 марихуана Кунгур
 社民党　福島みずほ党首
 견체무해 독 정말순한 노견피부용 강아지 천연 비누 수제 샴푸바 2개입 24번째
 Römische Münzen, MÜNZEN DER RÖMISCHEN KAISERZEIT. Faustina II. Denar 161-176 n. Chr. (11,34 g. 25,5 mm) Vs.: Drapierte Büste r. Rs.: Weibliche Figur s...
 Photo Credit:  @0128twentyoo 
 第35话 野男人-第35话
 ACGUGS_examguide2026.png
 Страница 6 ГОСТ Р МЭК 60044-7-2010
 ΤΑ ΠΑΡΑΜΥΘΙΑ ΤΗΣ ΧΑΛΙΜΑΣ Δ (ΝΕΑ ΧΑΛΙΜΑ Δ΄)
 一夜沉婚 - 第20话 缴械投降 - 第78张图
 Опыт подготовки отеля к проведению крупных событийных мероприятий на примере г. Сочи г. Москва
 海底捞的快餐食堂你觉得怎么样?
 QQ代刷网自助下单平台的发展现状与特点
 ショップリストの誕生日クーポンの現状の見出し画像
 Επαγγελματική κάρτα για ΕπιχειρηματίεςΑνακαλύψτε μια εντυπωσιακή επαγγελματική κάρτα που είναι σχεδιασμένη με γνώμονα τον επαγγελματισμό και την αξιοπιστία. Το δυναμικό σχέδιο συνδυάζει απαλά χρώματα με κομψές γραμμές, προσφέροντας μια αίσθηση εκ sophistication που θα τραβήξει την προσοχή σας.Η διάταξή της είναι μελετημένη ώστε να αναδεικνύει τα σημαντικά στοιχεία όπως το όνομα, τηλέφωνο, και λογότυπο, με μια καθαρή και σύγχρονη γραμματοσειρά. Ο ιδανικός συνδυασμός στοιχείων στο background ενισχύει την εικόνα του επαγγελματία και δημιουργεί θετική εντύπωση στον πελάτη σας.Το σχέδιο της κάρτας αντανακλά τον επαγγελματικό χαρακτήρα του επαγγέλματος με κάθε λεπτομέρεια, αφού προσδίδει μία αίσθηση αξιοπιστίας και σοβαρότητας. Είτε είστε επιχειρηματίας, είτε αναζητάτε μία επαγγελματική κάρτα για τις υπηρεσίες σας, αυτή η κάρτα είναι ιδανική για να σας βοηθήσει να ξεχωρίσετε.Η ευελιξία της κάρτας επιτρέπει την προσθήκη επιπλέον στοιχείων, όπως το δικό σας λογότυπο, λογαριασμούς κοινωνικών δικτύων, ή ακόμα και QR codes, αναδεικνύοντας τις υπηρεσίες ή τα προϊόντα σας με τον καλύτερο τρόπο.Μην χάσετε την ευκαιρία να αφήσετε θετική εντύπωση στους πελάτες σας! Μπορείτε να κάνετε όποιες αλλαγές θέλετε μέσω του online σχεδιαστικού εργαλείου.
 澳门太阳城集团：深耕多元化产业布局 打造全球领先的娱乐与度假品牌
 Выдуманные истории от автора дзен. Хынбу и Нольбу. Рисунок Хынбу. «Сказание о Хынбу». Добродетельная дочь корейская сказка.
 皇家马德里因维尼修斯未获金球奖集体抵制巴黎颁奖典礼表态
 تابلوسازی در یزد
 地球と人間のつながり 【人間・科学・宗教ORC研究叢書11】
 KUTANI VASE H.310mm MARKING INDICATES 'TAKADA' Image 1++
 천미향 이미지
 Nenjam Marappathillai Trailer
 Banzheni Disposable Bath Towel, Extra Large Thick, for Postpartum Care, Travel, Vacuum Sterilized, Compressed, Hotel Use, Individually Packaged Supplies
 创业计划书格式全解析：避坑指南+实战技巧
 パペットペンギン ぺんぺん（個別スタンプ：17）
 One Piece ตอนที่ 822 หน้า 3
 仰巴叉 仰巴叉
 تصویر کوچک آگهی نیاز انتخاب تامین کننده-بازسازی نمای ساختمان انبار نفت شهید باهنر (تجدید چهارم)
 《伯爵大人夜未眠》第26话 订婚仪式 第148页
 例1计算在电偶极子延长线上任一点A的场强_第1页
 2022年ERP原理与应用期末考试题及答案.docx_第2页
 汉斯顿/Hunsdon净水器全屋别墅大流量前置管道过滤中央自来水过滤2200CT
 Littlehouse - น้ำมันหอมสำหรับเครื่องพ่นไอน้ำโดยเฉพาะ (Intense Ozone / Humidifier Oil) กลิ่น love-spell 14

_ABOUT THIS TASK_
Set down, word for word, each line from the top of the records above through the line with "ショップリストの誕生日クーポンの現状の見出し画像".

_SOLUTION TO THIS TASK_
 марихуана Кунгур
 社民党　福島みずほ党首
 견체무해 독 정말순한 노견피부용 강아지 천연 비누 수제 샴푸바 2개입 24번째
 Römische Münzen, MÜNZEN DER RÖMISCHEN KAISERZEIT. Faustina II. Denar 161-176 n. Chr. (11,34 g. 25,5 mm) Vs.: Drapierte Büste r. Rs.: Weibliche Figur s...
 Photo Credit:  @0128twentyoo 
 第35话 野男人-第35话
 ACGUGS_examguide2026.png
 Страница 6 ГОСТ Р МЭК 60044-7-2010
 ΤΑ ΠΑΡΑΜΥΘΙΑ ΤΗΣ ΧΑΛΙΜΑΣ Δ (ΝΕΑ ΧΑΛΙΜΑ Δ΄)
 一夜沉婚 - 第20话 缴械投降 - 第78张图
 Опыт подготовки отеля к проведению крупных событийных мероприятий на примере г. Сочи г. Москва
 海底捞的快餐食堂你觉得怎么样?
 QQ代刷网自助下单平台的发展现状与特点
 ショップリストの誕生日クーポンの現状の見出し画像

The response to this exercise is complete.